» **What is being asked**: From the line with "2026 Rcbo 6" to the final line of the data below, please write out every line exactly, with no pictures.

» **Provided material**:

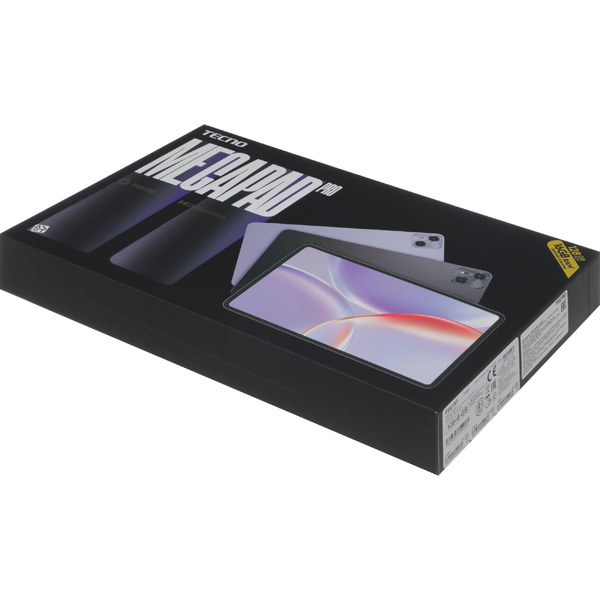 Планшет TECNO MegaPad Pro T1201 8Gb/128Gb (серый)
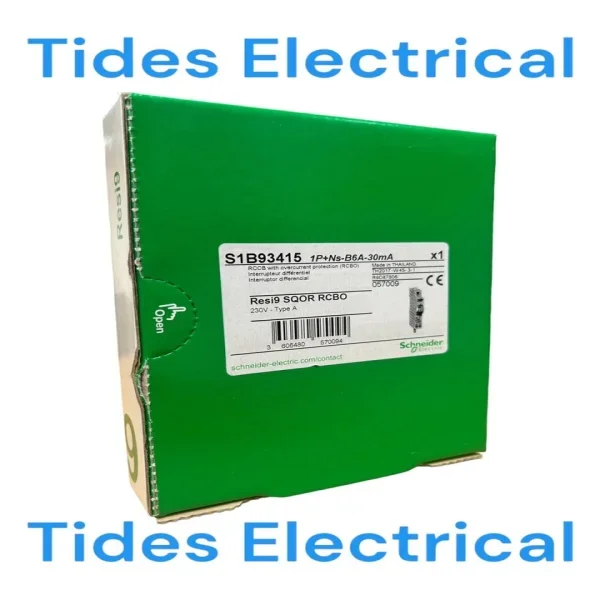 2026 Rcbo 6 30ma Type B 6a Resi9 S1b93415 Brand New Original Spot Plc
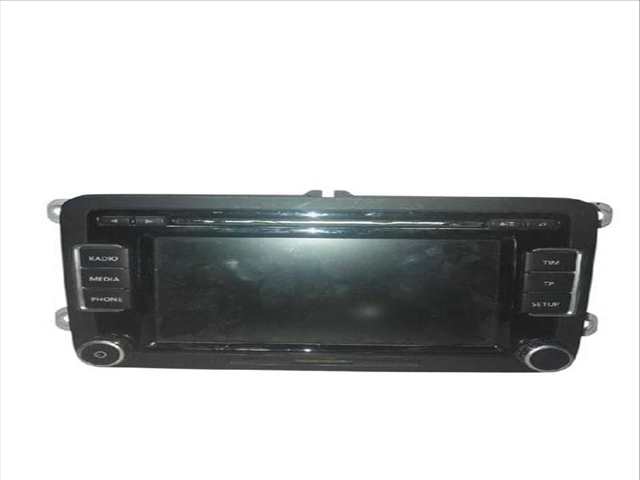 Foto 1ª: Sistema Audio Radio CD Volkswagen Golf 1.9 TDI (2003)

» **Task output**:
 2026 Rcbo 6 30ma Type B 6a Resi9 S1b93415 Brand New Original Spot Plc
 Foto 1ª: Sistema Audio Radio CD Volkswagen Golf 1.9 TDI (2003)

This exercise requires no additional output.